El vecino me adelanta para quitarme el ascensor y, a modo de disculpa o chufla, me dice que, ahí donde lo veo, lleva en realidad confinado veinte años y por tanto está muy adaptado al horror. Me quedo esperando el siguiente turno y como venganza imagino que me ha confesado que los viajes que no realiza le parecen cada día más una categoría mental, una forma de perderse en paisajes de la memoria antes de quedarse dormido. Con esto, sitúo impunemente en el mismo plano sus viajes imaginarios y su no solicitada confesión de dos décadas de confinamiento. Y lo hago en parte influenciado por una página del atractivo nuevo ensayo de Cristian Crusat, La huida biográfica (Pre-Textos) en el que se nos recuerda que una vida no contiene únicamente lo que hacemos, sino que está también integrada por lo que no llegamos a hacer, por lo que soñamos un día que haríamos. Es el caso, pienso ahora, del ciudadano Steiner, para quien su biografía y los viajes que le quedaron por hacer (“Ayers Rock en Australia y la ciudad de Petra, que se han vuelto difíciles a mi edad”) podían situarse, al final de sus días, en el mismo plano, y de ahí que sus memorias llevaran el muy atinado título de Errata, pues en conjunto su vida contenía ya una notable serie de proyectos perdidos que formaban parte también de ella.
Una página no sólo incluye lo que dice, y la prueba está en que sigo ahora mismo anclado en la de Crusat, atrapado por la analogía que en ella se establece entre la sospecha de que nuestras vidas contienen lo que nunca llegamos a hacer y aquello que afirmaba Antonio Tabucchi de que un libro –al igual que una página– no sólo incluye lo que dice, sino también aquello que los lectores buscan en su lectura.
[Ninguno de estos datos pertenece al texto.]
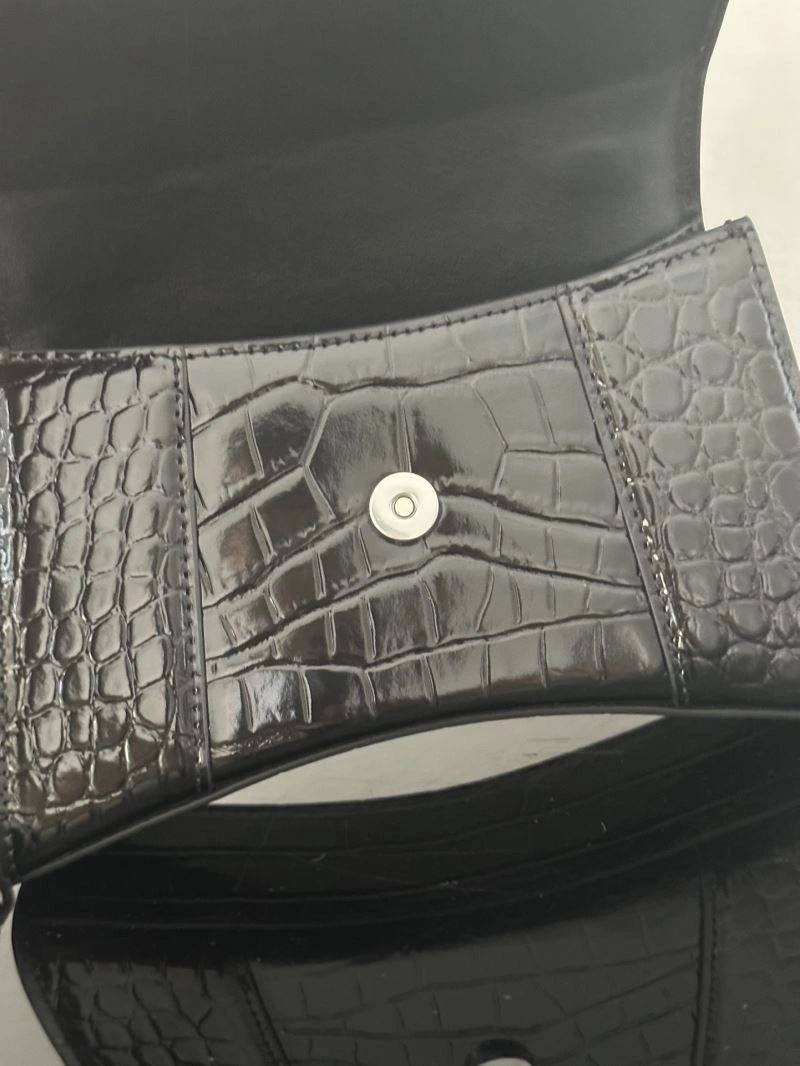Bold Balenciaga Crocodile-Pattern Hourglass Bag - XS Black Leather 72614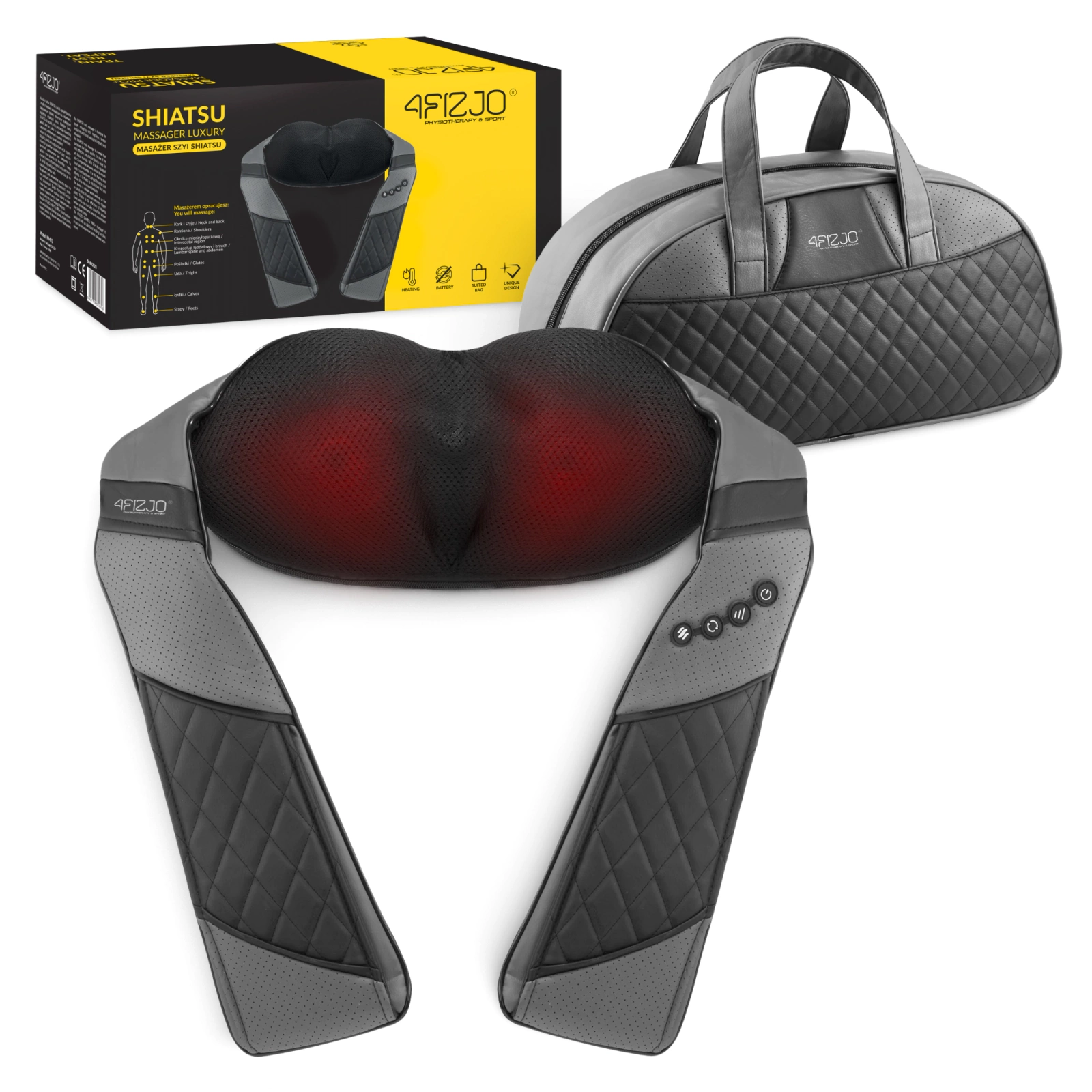 pas masujacy kark cialo shiatsu luxury+ ramiona plecy rozgrzewajacy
Lo que los lectores acababan encontrando en sus libros siempre le deslumbró a Tabucchi. Creo haber vivido yo también esa experiencia: la repentina impresión de que la lectura es una actividad más noble que la escritura. Que haya lectores que busquen y lleguen a encontrar en lo que escribo algo que nunca había sospechado me recuerda a veces que el lector más inteligente de mis libros fue un amigo muy intransigente que se pasó años reprochándome todo lo que yo escribía. Hasta que un día en plena calle, para mi sorpresa, me cerró el paso para mirarme muy de frente y decirme que la página 343 de mi último libro le había dejado huella. Dijo exactamente eso, y hasta lo repitió: me ha dejado huella. No me lo podía ni creer y fui corriendo de inmediato a casa para revisar aquella página y enseguida comprobé que cuantas más veces me empeñaba en leerla con la mente de mi amigo superior, más veces fracasaba en el intento de captar qué había podido impresionarle de ella. No me quedó otro remedio que abandonar la vana tarea de intentar que mi cerebro suplantara al suyo. Pero desde entonces siempre se mueve algo en mí cuando alguien por ahí insinúa que una página o un libro no sólo incluyen lo que dicen, sino que pueden ser la proyección de los deseos de ciertos lectores, incluido –me digo enseguida– los del más agudo, los del más sabio.